Collection entries →
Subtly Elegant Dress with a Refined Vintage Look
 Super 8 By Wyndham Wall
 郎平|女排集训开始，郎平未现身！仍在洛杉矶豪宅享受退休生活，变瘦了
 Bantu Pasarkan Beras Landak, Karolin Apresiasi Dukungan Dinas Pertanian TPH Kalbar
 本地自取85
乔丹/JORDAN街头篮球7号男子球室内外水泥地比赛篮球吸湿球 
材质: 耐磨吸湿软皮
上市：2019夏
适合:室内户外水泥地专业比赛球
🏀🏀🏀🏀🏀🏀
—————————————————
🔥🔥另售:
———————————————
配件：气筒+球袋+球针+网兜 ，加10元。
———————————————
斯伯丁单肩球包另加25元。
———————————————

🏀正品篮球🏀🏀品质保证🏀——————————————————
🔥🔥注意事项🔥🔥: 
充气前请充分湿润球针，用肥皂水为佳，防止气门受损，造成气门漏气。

Assigned task →
Write out exactly those lines running from the line with "Super 8 By Wyndham Wall" to the end of the data above, the first and last included.

Response to this task →
 Super 8 By Wyndham Wall
 郎平|女排集训开始，郎平未现身！仍在洛杉矶豪宅享受退休生活，变瘦了
 Bantu Pasarkan Beras Landak, Karolin Apresiasi Dukungan Dinas Pertanian TPH Kalbar
 本地自取85
乔丹/JORDAN街头篮球7号男子球室内外水泥地比赛篮球吸湿球 
材质: 耐磨吸湿软皮
上市：2019夏
适合:室内户外水泥地专业比赛球
🏀🏀🏀🏀🏀🏀
—————————————————
🔥🔥另售:
———————————————
配件：气筒+球袋+球针+网兜 ，加10元。
———————————————
斯伯丁单肩球包另加25元。
———————————————

🏀正品篮球🏀🏀品质保证🏀——————————————————
🔥🔥注意事项🔥🔥: 
充气前请充分湿润球针，用肥皂水为佳，防止气门受损，造成气门漏气。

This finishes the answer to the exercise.